- _What you should do_
Look below for the line containing "Blueberry Cupcake Candles"; from there through the line containing "цвет защитно-оливковый №528", both lines included, please set down each line exactly and nothing else.

- _Collection entries_
***

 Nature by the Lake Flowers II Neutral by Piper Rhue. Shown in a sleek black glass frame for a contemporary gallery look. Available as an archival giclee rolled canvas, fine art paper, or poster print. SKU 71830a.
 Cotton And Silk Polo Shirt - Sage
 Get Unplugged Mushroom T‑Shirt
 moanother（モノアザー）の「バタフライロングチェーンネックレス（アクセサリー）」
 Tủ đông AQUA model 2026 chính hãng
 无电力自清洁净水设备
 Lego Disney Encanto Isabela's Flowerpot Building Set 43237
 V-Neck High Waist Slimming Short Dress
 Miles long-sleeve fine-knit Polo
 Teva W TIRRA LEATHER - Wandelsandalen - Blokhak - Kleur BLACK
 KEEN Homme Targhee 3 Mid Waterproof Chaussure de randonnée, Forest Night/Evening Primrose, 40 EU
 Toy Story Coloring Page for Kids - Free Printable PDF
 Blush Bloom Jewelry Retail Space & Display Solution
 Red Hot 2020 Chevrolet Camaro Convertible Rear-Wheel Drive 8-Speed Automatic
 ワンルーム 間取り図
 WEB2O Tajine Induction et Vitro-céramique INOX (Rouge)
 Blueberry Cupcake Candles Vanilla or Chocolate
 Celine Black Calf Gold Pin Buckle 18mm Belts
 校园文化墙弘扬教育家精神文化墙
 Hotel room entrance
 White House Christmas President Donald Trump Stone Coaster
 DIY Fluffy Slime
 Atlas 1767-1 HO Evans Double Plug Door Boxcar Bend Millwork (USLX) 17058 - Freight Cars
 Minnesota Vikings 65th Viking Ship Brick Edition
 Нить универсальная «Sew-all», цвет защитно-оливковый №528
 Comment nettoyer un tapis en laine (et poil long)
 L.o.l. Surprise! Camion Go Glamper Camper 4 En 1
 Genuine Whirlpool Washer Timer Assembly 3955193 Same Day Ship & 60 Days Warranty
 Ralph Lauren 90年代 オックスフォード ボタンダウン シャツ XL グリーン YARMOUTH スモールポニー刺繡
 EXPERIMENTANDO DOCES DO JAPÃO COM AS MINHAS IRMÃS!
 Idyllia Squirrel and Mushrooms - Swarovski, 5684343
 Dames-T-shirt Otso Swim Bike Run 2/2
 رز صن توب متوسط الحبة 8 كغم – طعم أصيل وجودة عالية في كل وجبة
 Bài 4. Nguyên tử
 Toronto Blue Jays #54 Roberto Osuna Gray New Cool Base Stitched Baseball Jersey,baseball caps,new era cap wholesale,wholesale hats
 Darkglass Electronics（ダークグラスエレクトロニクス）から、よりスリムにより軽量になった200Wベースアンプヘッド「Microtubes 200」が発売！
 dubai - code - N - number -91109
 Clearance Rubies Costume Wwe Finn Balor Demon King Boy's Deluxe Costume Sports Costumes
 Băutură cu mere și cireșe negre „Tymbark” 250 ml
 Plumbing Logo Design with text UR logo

***

- _Result of the task_
 Blueberry Cupcake Candles Vanilla or Chocolate
 Celine Black Calf Gold Pin Buckle 18mm Belts
 校园文化墙弘扬教育家精神文化墙
 Hotel room entrance
 White House Christmas President Donald Trump Stone Coaster
 DIY Fluffy Slime
 Atlas 1767-1 HO Evans Double Plug Door Boxcar Bend Millwork (USLX) 17058 - Freight Cars
 Minnesota Vikings 65th Viking Ship Brick Edition
 Нить универсальная «Sew-all», цвет защитно-оливковый №528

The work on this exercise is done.